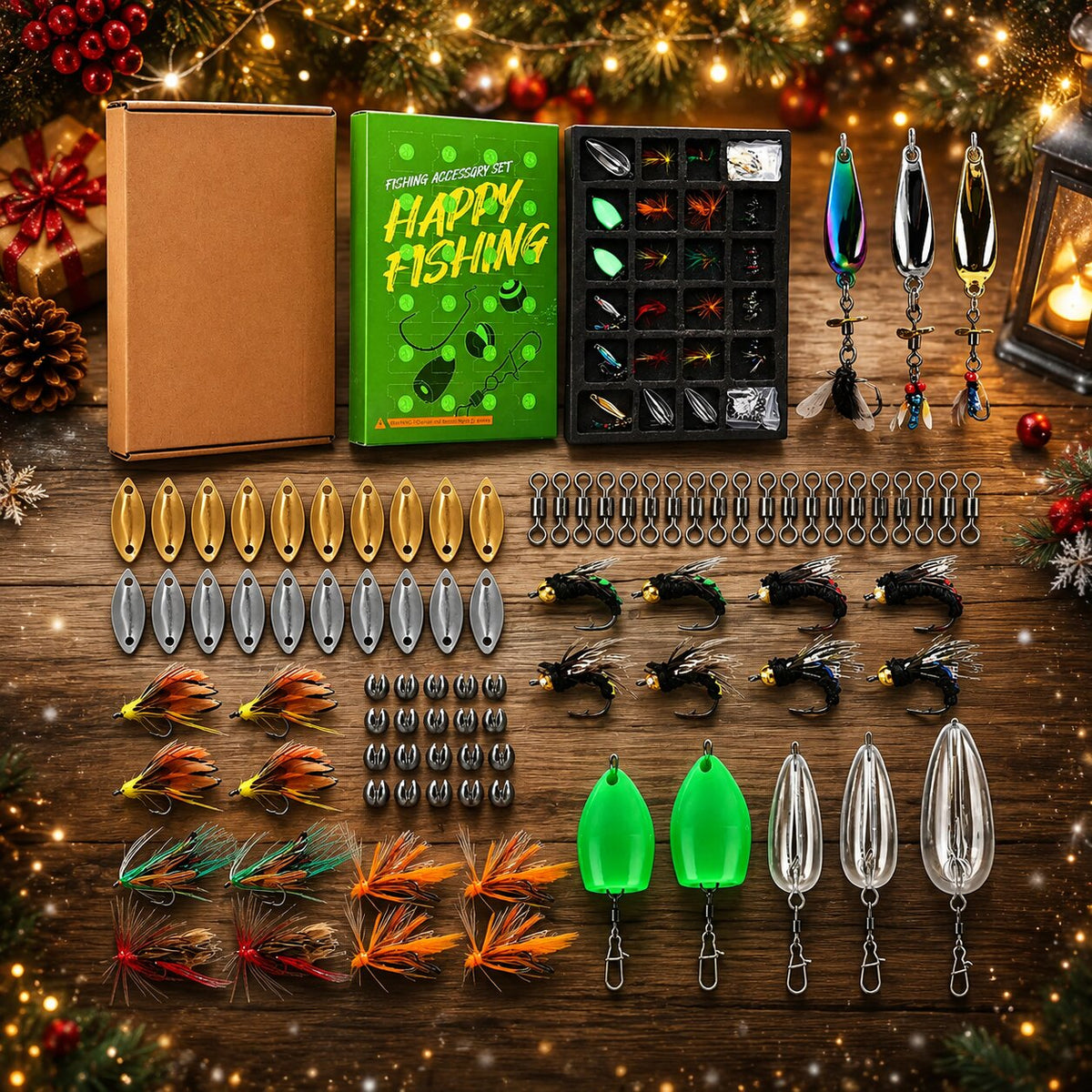 Tacklevia – Adventskalender für Angler mit verschiedenen Angelutensilien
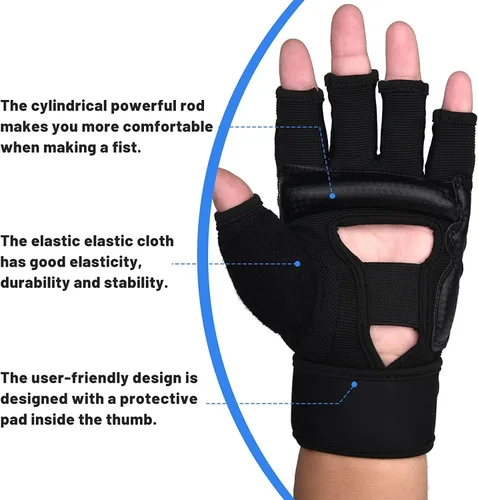 Vista 3 de Guantes de boxeo de kickboxing, guantes de boxeo para hombres, mujeres, niños, medio dedo, saco de boxeo, guantes de lucha para hombres y mujeres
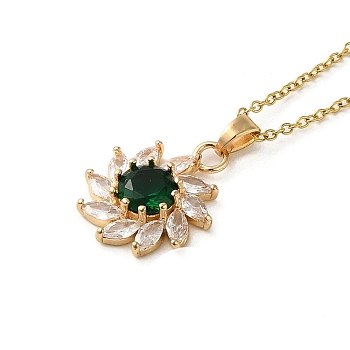 Brass Micro Pave Cubic Zirconia Flower Pendant Necklaces for Women, 201 Stainless Steel Cable Chain Necklaces, Dark Green, 15.94 inch(40.5cm)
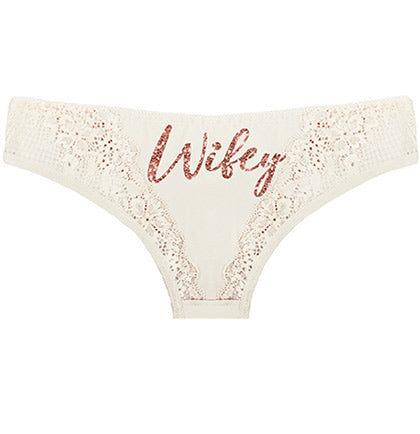 Rose Gold Wifey Thong Panty, Sexy Bride Panties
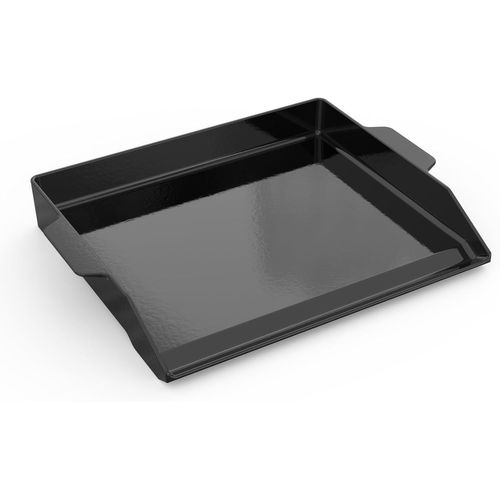 GOTHICANA BY EMP47,2 × 35,5Cm Plaque De Cuisson En Fonte, Universelle, Brillante, Émail, Avec Poignée, Bbq Plancha Pour Barbecues À Gaz Et Au Charbon De Bois, Cuisinière À Gaz, Grill Électrique, Noir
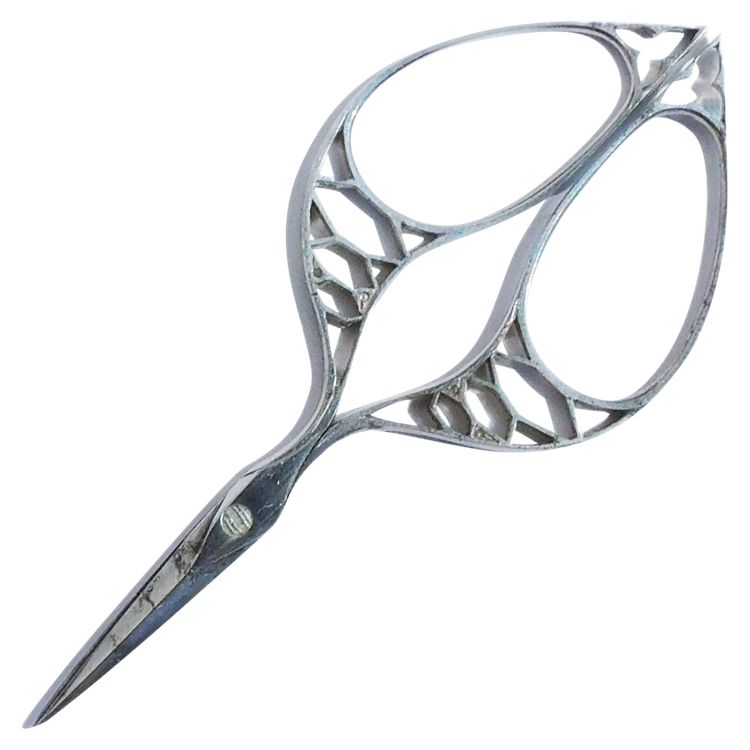 Stickschere Spitze aus Stahl Signiert "Krieg" Anfang 19. Jahrhundert notwendig Nähen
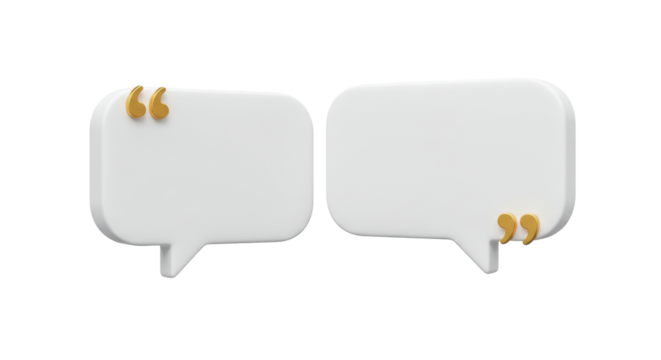 Isolated Pair of White Speech Bubbles Enhanced with Elegant Golden Quotation Accents - Powered by Adobe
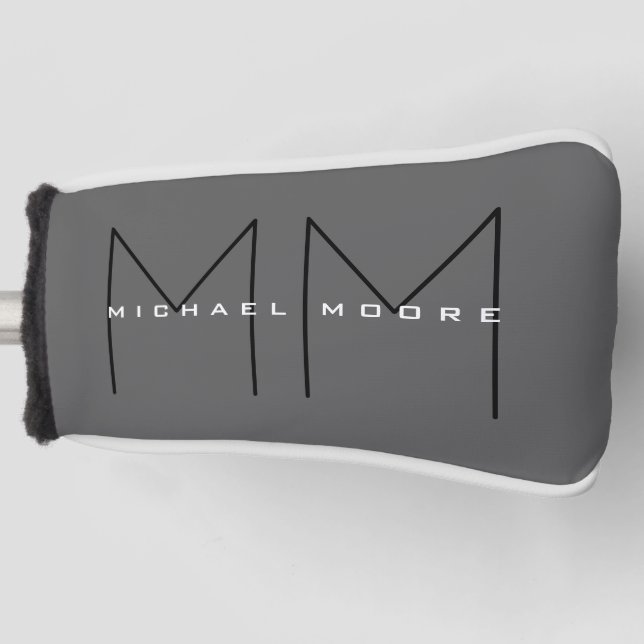 Grey Black Bold Monogram Modern Minimalist Golf Head Cover (Front)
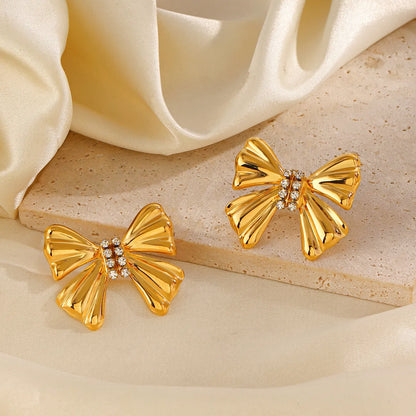 Wholesale Jewelry Simple Style Classic Style Bow Knot 304 Stainless Steel Zircon 18K Gold Plated Plating Inlay Jewelry Set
---
- **Assigned task**: Would you retype every line shown above exactly, leaving the pictures aside?

- **Reply to the exercise**:
 Tacklevia – Adventskalender für Angler mit verschiedenen Angelutensilien
 Vista 3 de Guantes de boxeo de kickboxing, guantes de boxeo para hombres, mujeres, niños, medio dedo, saco de boxeo, guantes de lucha para hombres y mujeres
 Brass Micro Pave Cubic Zirconia Flower Pendant Necklaces for Women, 201 Stainless Steel Cable Chain Necklaces, Dark Green, 15.94 inch(40.5cm)
 Rose Gold Wifey Thong Panty, Sexy Bride Panties
 GOTHICANA BY EMP47,2 × 35,5Cm Plaque De Cuisson En Fonte, Universelle, Brillante, Émail, Avec Poignée, Bbq Plancha Pour Barbecues À Gaz Et Au Charbon De Bois, Cuisinière À Gaz, Grill Électrique, Noir
 Stickschere Spitze aus Stahl Signiert "Krieg" Anfang 19. Jahrhundert notwendig Nähen
 Isolated Pair of White Speech Bubbles Enhanced with Elegant Golden Quotation Accents - Powered by Adobe
 Grey Black Bold Monogram Modern Minimalist Golf Head Cover (Front)
 Wholesale Jewelry Simple Style Classic Style Bow Knot 304 Stainless Steel Zircon 18K Gold Plated Plating Inlay Jewelry Set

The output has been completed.